March 04, 2020

Adelaide Festival – 150 Psalms

Filed under: 2020,Archive,Festival,Music

150 Psalms
Leadership (Concert 9)
Pilgrim Church, Flinders St.
March 2.

150 Psalms, a choral presentation of twelve themed concerts performed over four days, is one of the centrepieces of the 2020 Adelaide Festival as it celebrates its 60th year. It is an extensive project, conceived by Tido Visser, managing director of the Netherlands Chamber Choir, and was first performed in 2017 at the Utrecht Festival Oude Muziek.

The Adelaide event is its fourth version, featuring The Netherlands Chamber Choir, The Norwegian Soloists’ Choir, The Tallis Scholars and, from Australia, The Song Company.

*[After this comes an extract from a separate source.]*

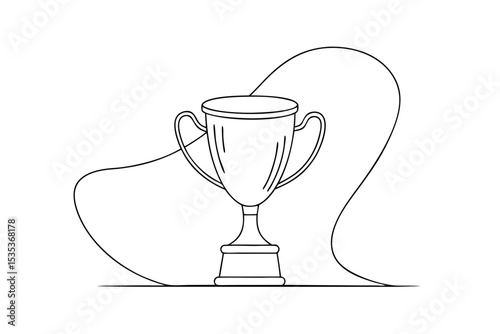 Victory Trophy Line Art Vector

Each of the concerts has a theme. From one to twelve they are:

A Mirror for Today’s Society, Trust, Safety, Justice, Abandonment, Gratitude, Powerlessness, Suffering, Leadership, Path of Life, Power and Oppression and Celebration of Life. These are divided up among the choirs, except for the final concert – featuring all of the singers in the project. Venues are spread around the city and among religious denominations – St Peter’s Cathedral, the Adelaide Hebrew Congregation in Glenside, St Xavier’s Cathedral, Pilgrim Church and, for a secular conclusion, Adelaide Town Hall.

Leadership, ninth in the series is a midday concert at Pilgrim Church. As we line up for the event, Amnesty International volunteers are collecting signatures against off-shore refugee detention. Amnesty is a co-sponsor of the 150 Psalms event. Each concert is also prefaced by a speaker.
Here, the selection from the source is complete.